→ **Extracted material**
☆ ☆ ☆ ☆ ☆ ☆ ☆
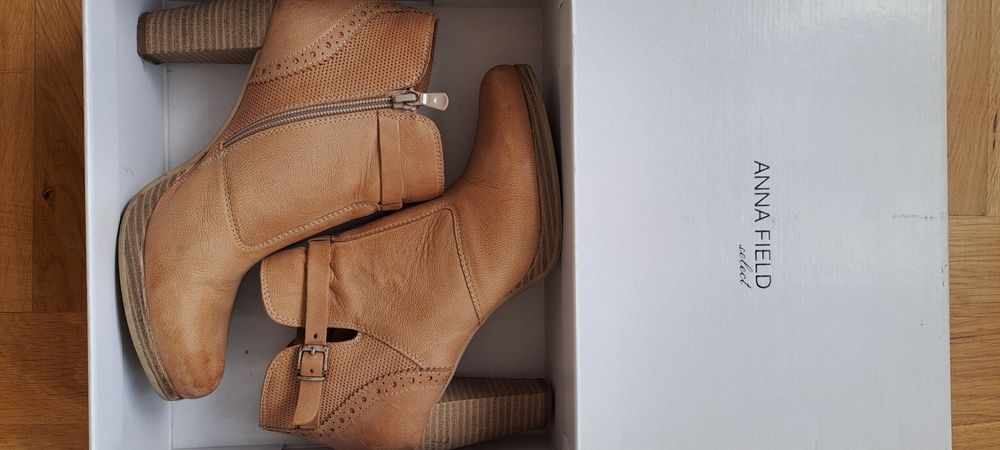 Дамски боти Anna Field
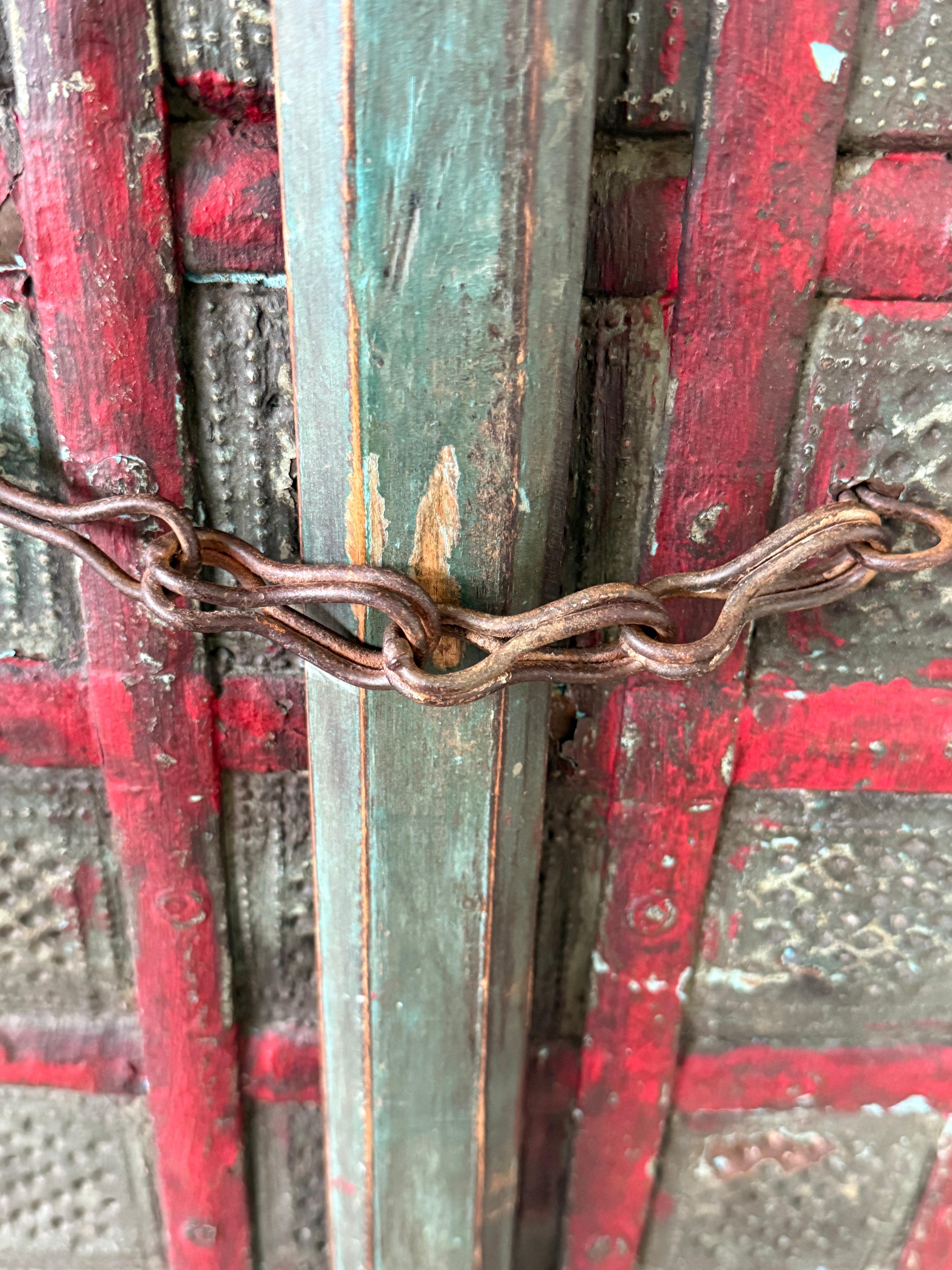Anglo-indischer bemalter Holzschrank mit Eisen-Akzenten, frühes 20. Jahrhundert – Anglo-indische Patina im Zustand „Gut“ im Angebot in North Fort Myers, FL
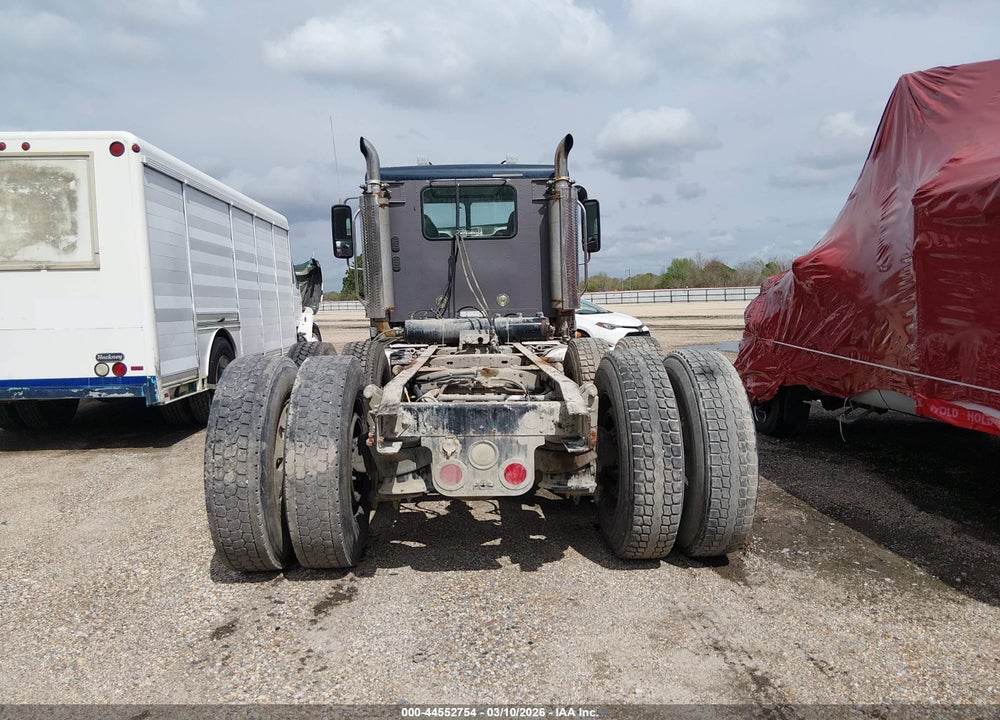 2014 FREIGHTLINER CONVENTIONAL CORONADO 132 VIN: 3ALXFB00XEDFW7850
☆ ☆ ☆ ☆ ☆ ☆ ☆
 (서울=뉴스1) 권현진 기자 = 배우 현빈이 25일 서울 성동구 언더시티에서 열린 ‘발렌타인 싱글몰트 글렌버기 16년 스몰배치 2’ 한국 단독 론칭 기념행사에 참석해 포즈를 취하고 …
☆ ☆ ☆ ☆ ☆ ☆ ☆
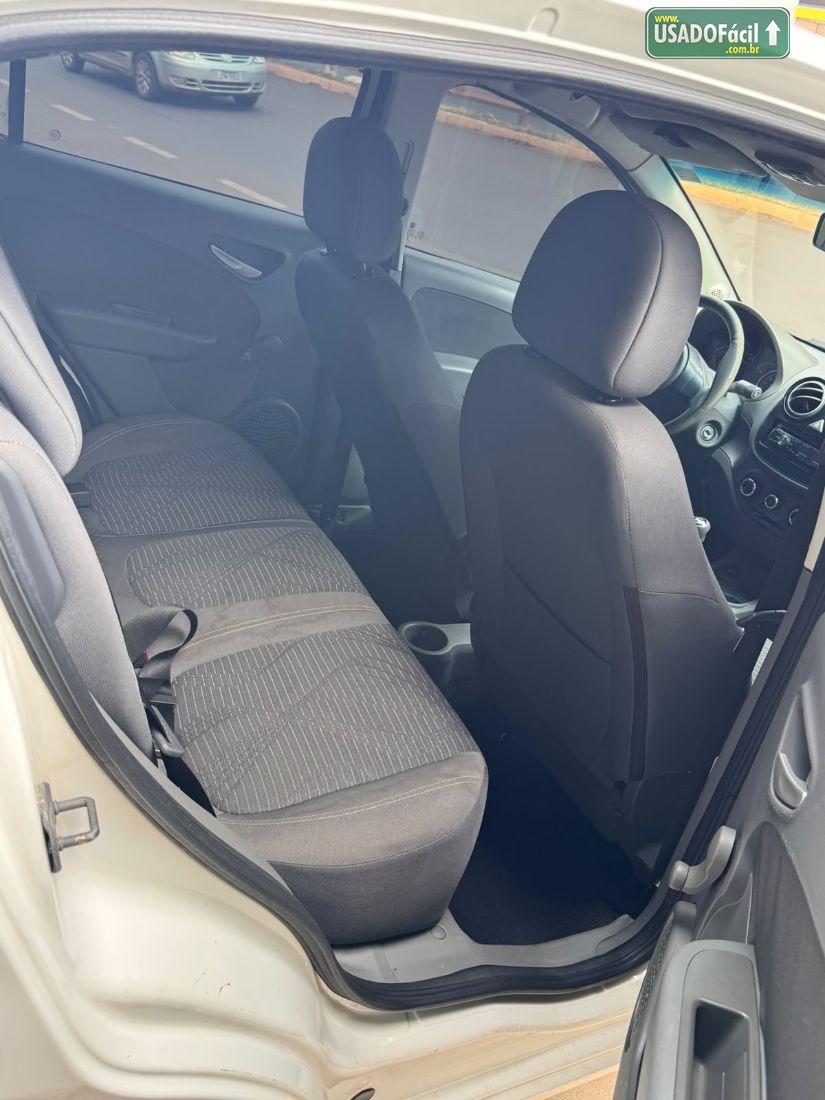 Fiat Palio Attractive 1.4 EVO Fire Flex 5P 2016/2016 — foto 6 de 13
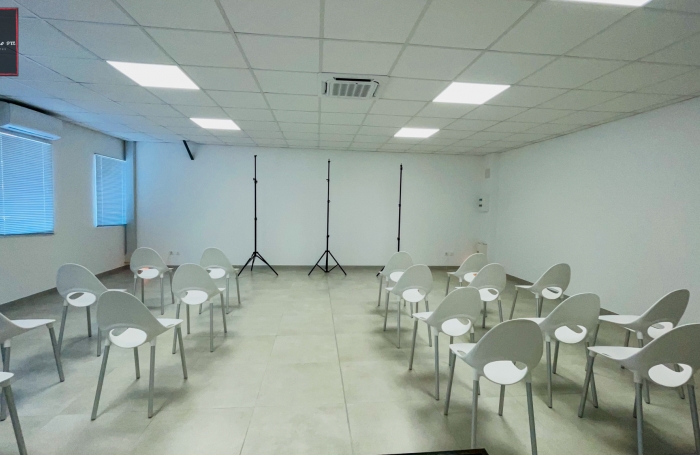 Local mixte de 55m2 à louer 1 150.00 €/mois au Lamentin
☆ ☆ ☆ ☆ ☆ ☆ ☆
→ **About this task**
Give back exactly the lines above that run from the one with "Fiat Palio Attractive" to the one with "Local mixte de", including both, with the pictures left out.

→ **Exercise response**
 Fiat Palio Attractive 1.4 EVO Fire Flex 5P 2016/2016 — foto 6 de 13
 Local mixte de 55m2 à louer 1 150.00 €/mois au Lamentin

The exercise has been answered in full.